露店街に集まる米兵たちの姿を目の当たりにし、港商の社員が考案したのがオリエンタルな刺繍を施した土産物としてのジャンパーだった。アメリカ人に親しみやすいベースボールジャケットを模し、刺繍は桐生や足利の職人に依頼。当時は戦後の物資統制で絹糸の入手が難しく、生地はシルクに似たアセテートを使用した。港商はそれを露店に向け販売し、瞬く間に人気を博す。やがてそのジャケットはPX(米軍基地内の売店)の買い付け担当者の目にとまって日本各地の基地に納入され、その人気は海外の米軍基地にまでも及んだ。当時の納品伝票には、“SOUVENIR JACKET”という商品名が記されており、このジャケットが後に「スカジャン」と呼ばれるようになる。スカジャンの全盛期とされる1950年代、港商は納入シェアの95パーセントを占めるほどであった。




Post war Japan, during economic revitalization, General Headquarters GHQ carried out dissolution of Japanese financial business conglomerates that were dominating the Japanese financial circles. This major political resolution resulted in the birth of multiple new businesses, Kosho & Co. Koshoshokai being one of them. Kosho & Co. originated as an import/export company for clothing fabric, and is the predecessor of Toyo Enterprise, as we know it today. In the midst of the post war chaos, the streets of Ginza, Tokyo became flooded with street stalls selling traditional Japanese items such as kimonos to American officers. Soon, the streets were swarmed with Americans hunting for souvenirs to take back to their home country.

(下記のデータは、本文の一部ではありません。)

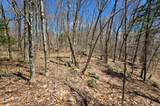 00000 Palisades Road - Photo 10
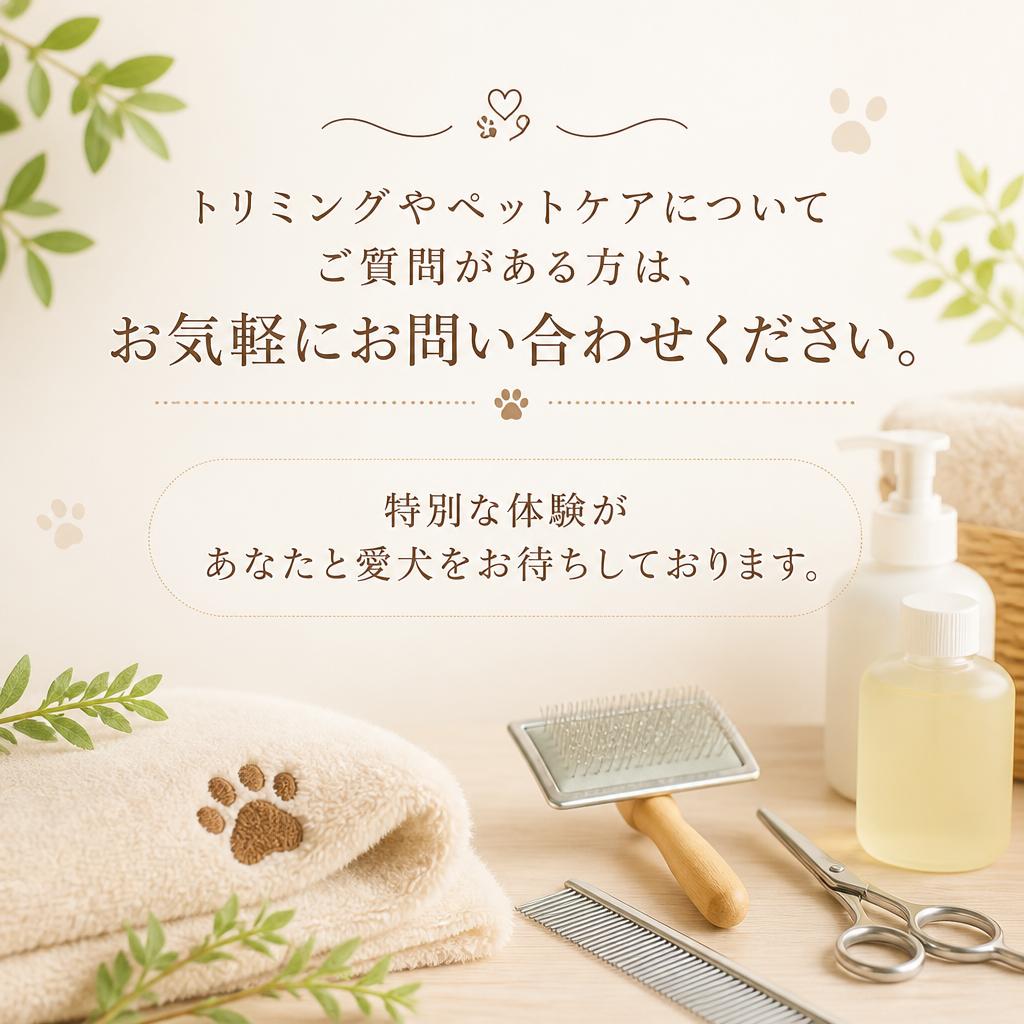 今すぐお問い合わせを！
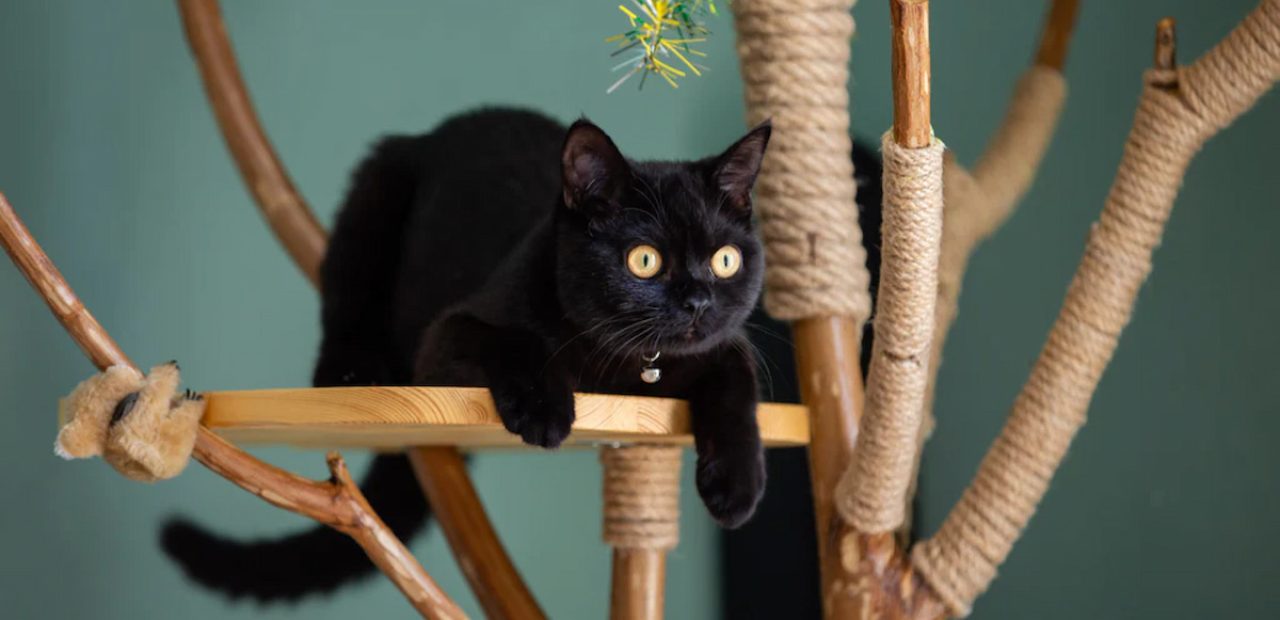 black cat on cat scratching post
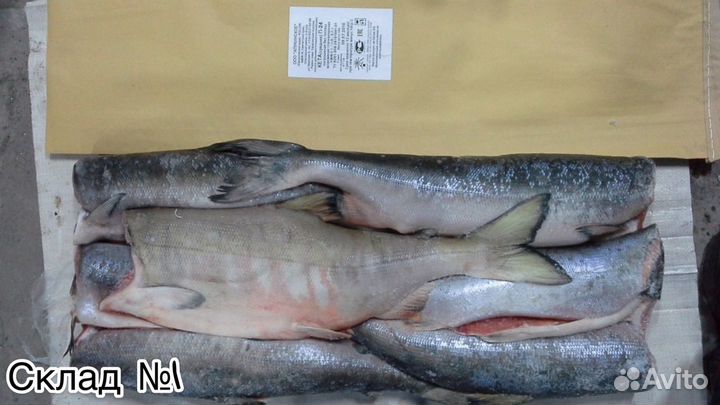 Кета пбг (1 сорт)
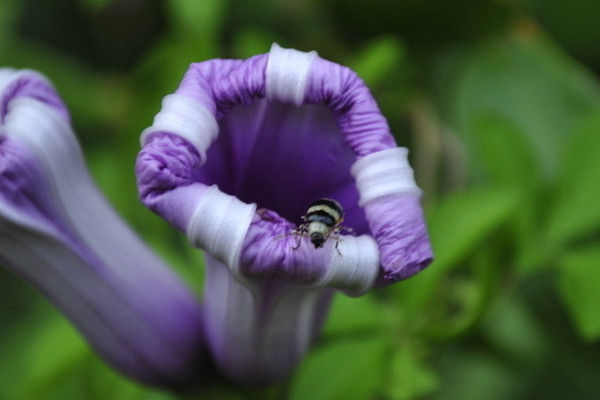 牽?；萑~了明年還會開嗎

Seeing the vast amount of U.S. military soldiers surrounding the street stalls, an employee of Kosho & Co. came up with a radical idea. The employee devised the creation of a jacket featuring embroidered oriental designs. In order to implement this, craftsmen from cities of Kiryu and Ashikaga were gathered for the embroider. They incorporated the details of a baseball jacket, an already familiar design to the Americans. Due to the scarcity of silk, acetate was used as a substitution, a very similar material. Kosho & Co. sold these jackets on the street stalls, and immediately saw a spike in demand. The word spread to the PX Post Exchange of the U.S. Army base, and the jackets were shortly supplied to all the bases located in Japan and even internationally. Upon inspection of payment sheets, we can see that these jackets were labeled as a ‘Souvenir Jacket’ back then.